Revendre son condo à court terme: pas toujours payant

25 avril 2018 — À l’époque d’une spéculation immobilière désormais révolue à Toronto et Vancouver, plusieurs investisseurs y ont acheté une ou plusieurs copropriétés sur plan, pour ensuite revendre leur contrat d’achat avec profit, avant même que la construction des unités en question soit terminée.

Au Québec, les ménages qui ont acheté un appartement détenu en copropriété, et qu’ils l’ont revendu rapidement n’ont pas nécessairement eu cette chance. Chaque année, plusieurs d’entre eux font l’acquisition d’une propriété, et s’en départissent à peine 1 à 3 ans plus tard.

Revendre son condo à perte

Dans un contexte où la hausse des prix a été plutôt faible dans la belle province, malgré une croissance un peu plus soutenue en 2017, bien des acquéreurs ont dû se résigner à revendre à perte, encore qu’une majorité d’entre eux a pu obtenir un montant légèrement supérieur au prix d’acquisition.

Selon les données colligées par JLR à partir du Registre foncier du Québec, quelque 59 300 ventes de copropriétés de plus de 80 000 $ ont été recensées en 2014 ou 2015 chez nous.
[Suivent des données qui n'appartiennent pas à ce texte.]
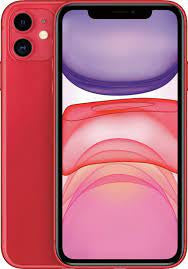 iPhone 11 64GB Red T-Mobile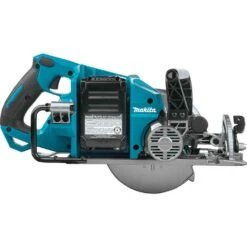 Makita GSR01M1 40V MAX XGT 7-1/4 Brushless Rear Handle Circular Saw Kit W/4.0 Ah -3D Prima Boutique GSR01M1 9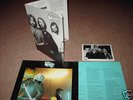 ELOY - PERFORMANCE / LP 1983 + RARES INFO-HEFT & PHOTO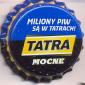 Beer cap Nr.23981: Tatra Mocne produced by Brauerei Lezajsk/Lezajsk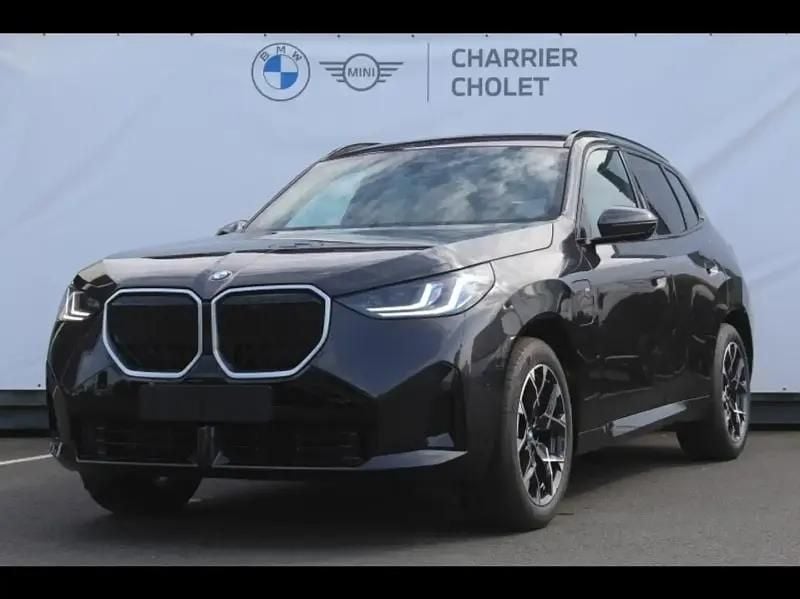 Gris Nouvelle 2025 BMW X3 M Sport SUV | 76 830 € (Prix juste) - Image 1/4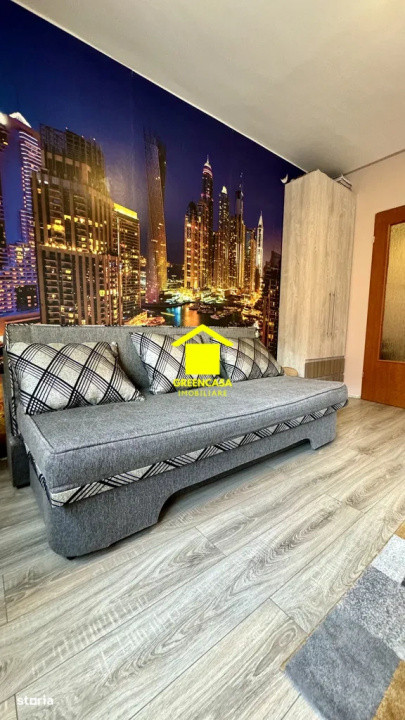 Apartament 1 cameră, 31mp, centrul Clujului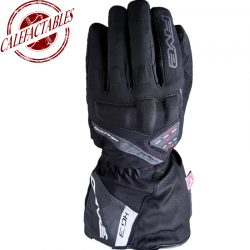 GUANTES CALEFACTABLES FIVE HG3 EVO WATERPROOF LADY BLACK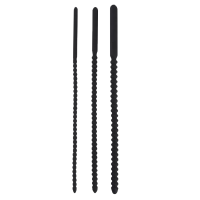 Threaded Silicone Urethral Sound Set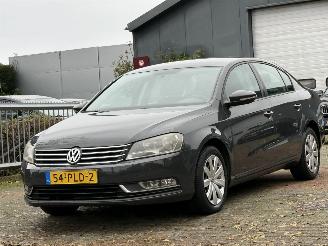 ocasión turismos Volkswagen Passat 1.6 TDI 2011/2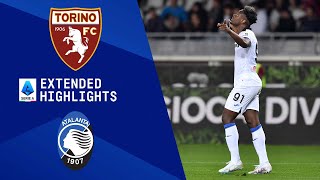 Torino vs. Atalanta: Extended Highlights | Serie A | CBS Sports Golazo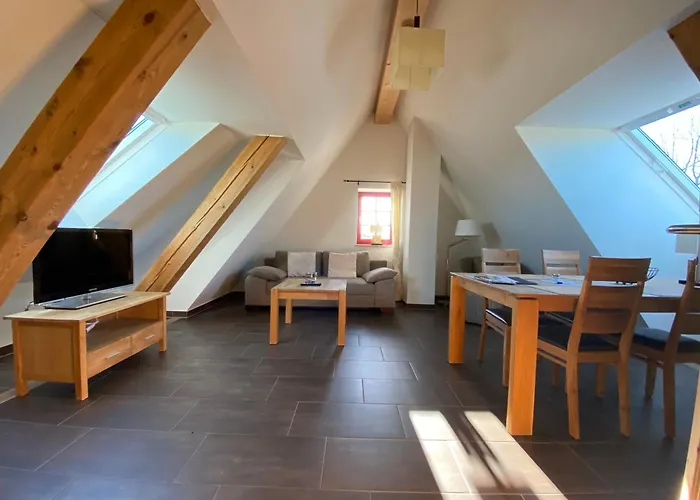 Appartementhaus Zur Bergwiese Сasa de vacaciones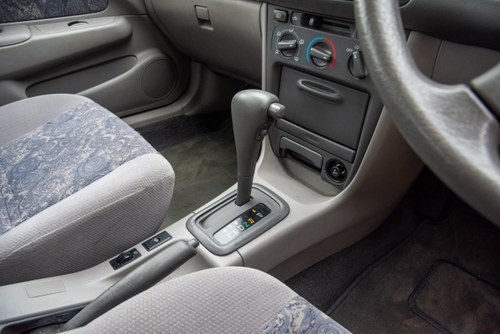 1999 Toyota Corolla 1.6 GS Hatchback For Sale (picture 94 of 200)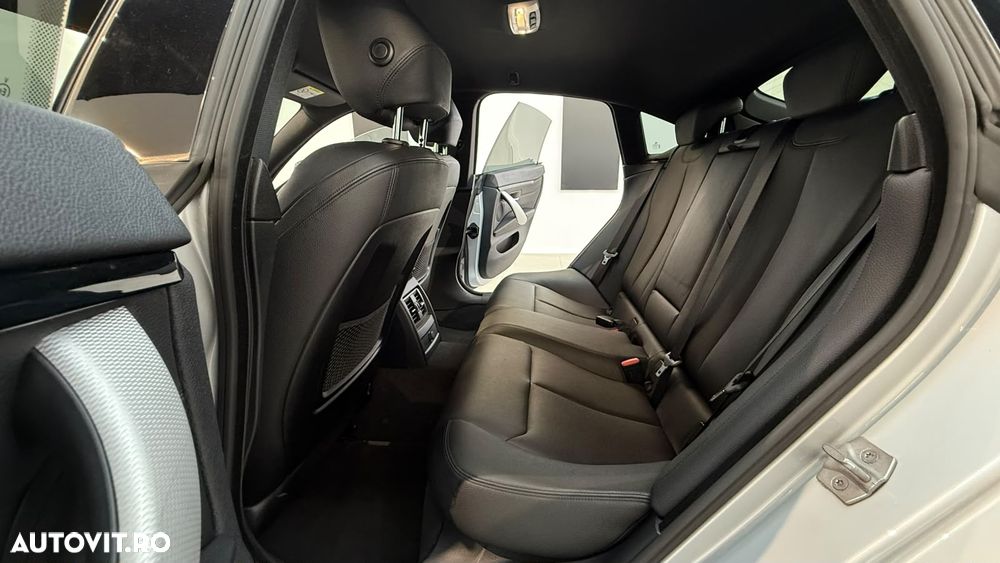 BMW Seria 4 420d Aut. M Sport - 18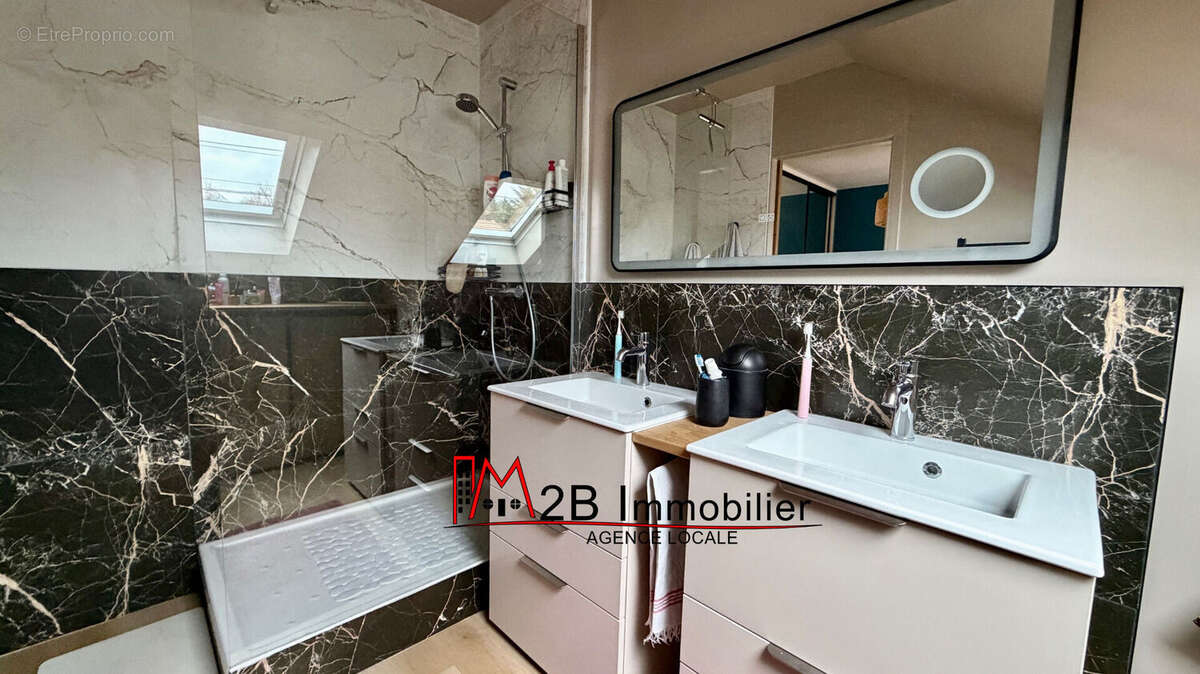 Maison à LAGNY-SUR-MARNE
De ce nombre, 6 059 (10 %) ont fait l’objet d’une revente avant 2018. Or, l’écart médian entre le prix revendu et le prix payé pour l’acquisition atteignait 3,5 %. Bien que la plupart des ménages aient encaissé un léger profit, une autre tranche de 27 % s'est contentée d'un prix moindre, et 6 % d'un prix égal au montant déboursé pour l’acquisition.
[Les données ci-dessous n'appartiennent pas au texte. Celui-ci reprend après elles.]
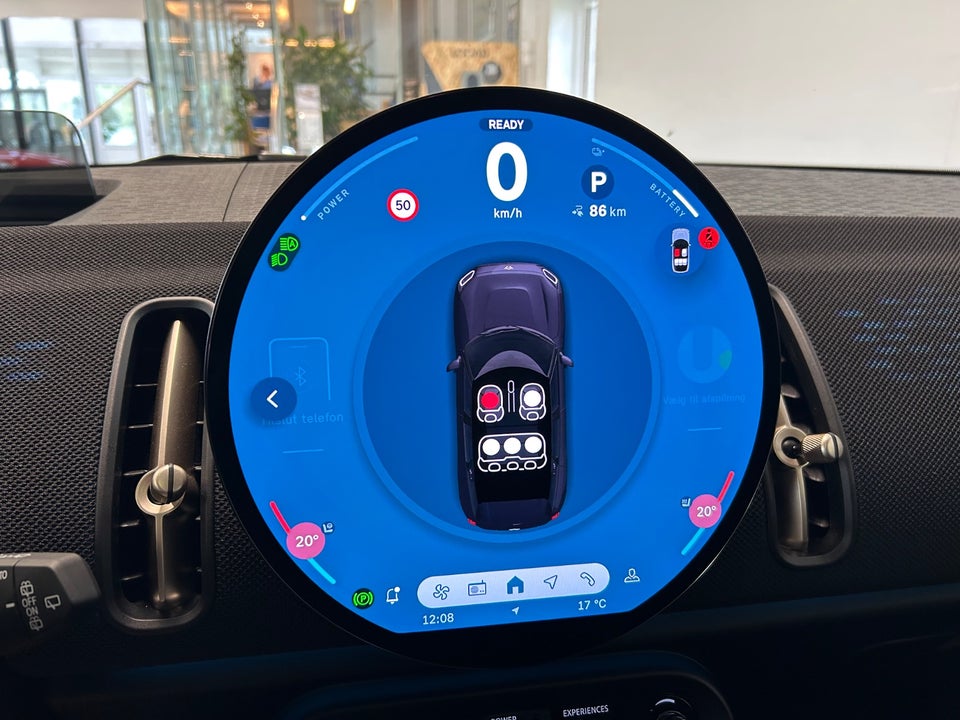 MINI Countryman E Classic Trim L 5d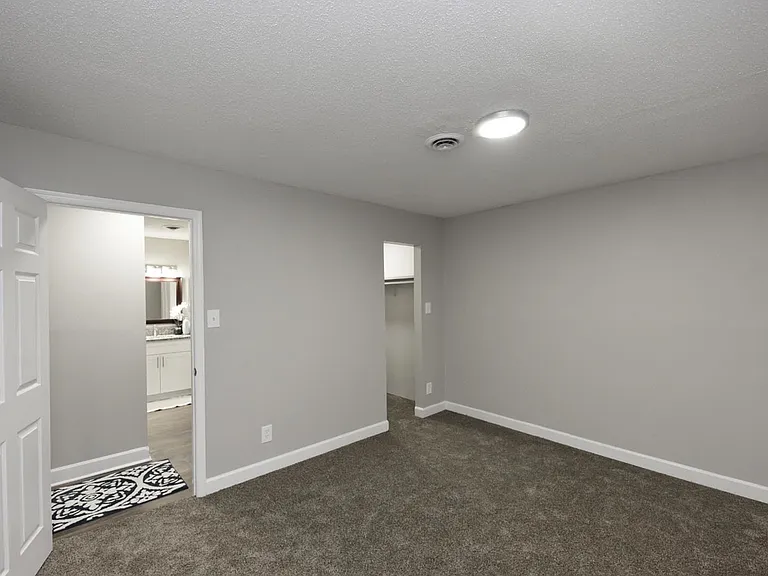 Spacious Bedroom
Taxes, droits de mutation et frais de notaire

Parmi tous ces acheteurs, quelque 40 % ont revendu leur propriété à un prix supérieur à 5 %, en comparaison du montant payé pour l’acquérir. Cette analyse ne tient compte que de la différence entre le prix de vente et d’acquisition. Les autres dépenses relatives aux droits de mutation, aux frais de notaire, aux frais de courtage et à la prime d’assurance hypothécaire, pour ne nommer que celles-là, n’ont pas été calculées dans l’équation.

Par conséquent, ceux dont la mise de fonds était négligeable, et pour qui le prix de revente était légèrement supérieur ou inférieur au prix d’acquisition, pourraient peiner à rembourser leur prêt hypothécaire.